Question

1) A distress flare is shot straight up from a ship’s bridge 75 ft above the water with an initial
velocity of 76 ft/sec.

A) Write a set of parametric equations for the path of the flare.
What window gives you the best picture of the problem situation?

B) What is the height of the flare after 2 seconds?

Answer 1

Parametric equations just require you to define a function of two variables (typically x & y) in terms of a third (ex t). Since this flare is assumed to be moving in two dimensions, parametrization of an x, y equation will suffice.

How can you think about the x position for any given t, since the x is always 0, for any change in t, its function is very simple. x(t) = ?

For its y position, you need to recall a general motion equation:
\[p(t) = p_0 + v_0(t) + \frac{ 1 }{ 2 }a(t)^2\] This is the general one.
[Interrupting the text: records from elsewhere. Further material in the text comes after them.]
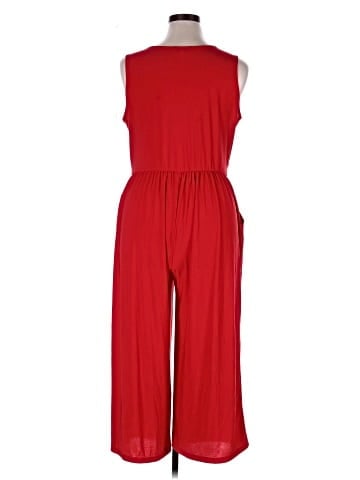 Gilli Jumpsuit (view 2)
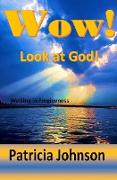 Wow! Look at God!: Walking in Forgiveness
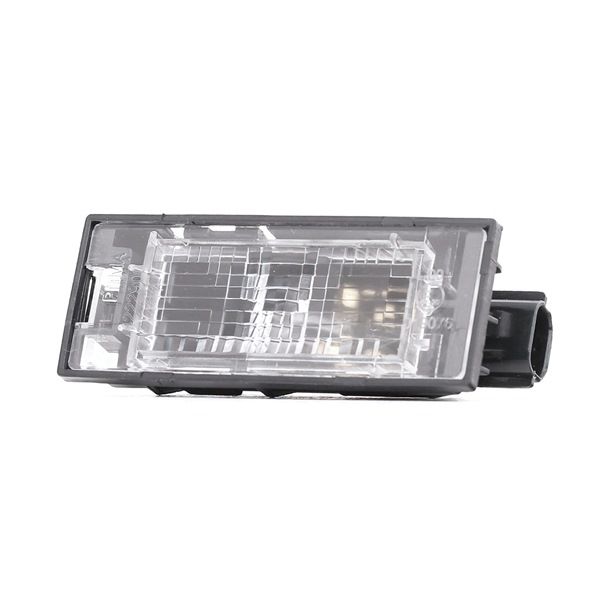 OEM Kentekenlamp RENAULT 2.2 dCi 150 PK Diesel 2651000Q0A van ABAKUS online aan geweldige prijzen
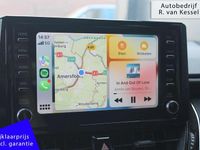 Occasion Toyota Yaris Hybrid Active 116 PK (85 kW) 2021 Wit Hatchback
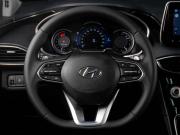 Hyundai Santa Fe IV (China Market) Тюмень  - изображение 45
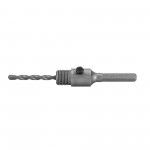 Adaptador hexagonal para broca craneana ref� VIAH110 VITO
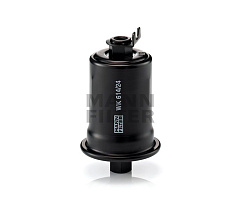 Фильтр топливный MANN WK614/26X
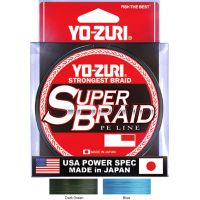 Yo-zuri HD FLUOROCARBON 40 lbs [R892-CL40 (JAPAN)] - $25.99 CAD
If you are solving for y position \[p_y(t) = p_{y0} + v_{y0}(t) + \frac{ 1 }{ 2 }a_{y}(t)^2\] this is the more specific version.

Answer 2

*you need to understand that a = -9.8 (a positive value of gravity, would mean the object is accelerating up into the sky)

Answer 3

what do i write for the parametric equations? I don't know how to do that @cdosborn

Answer 4

They will take the shape, x(t) = ... and y(t) = ... remember that before parametrization you would have y(x) = ... however can you figure out what the x(t) would be?

Answer 5

mmm idk \: I don't really have any idea what I'm doing, I just know I'm about to fail this class. @cdosborn

Answer 6

You're best chance is to seek understanding in these problems, not just the solutions. You're trying to find the path, which means position. Parametrization (introducing another parameter) says can we think of our original variables in terms of another variable. But simply put, were generally thinking about x position in terms of time and y position in terms of time. What is the x position at t=0, how about at t=3, or t=5?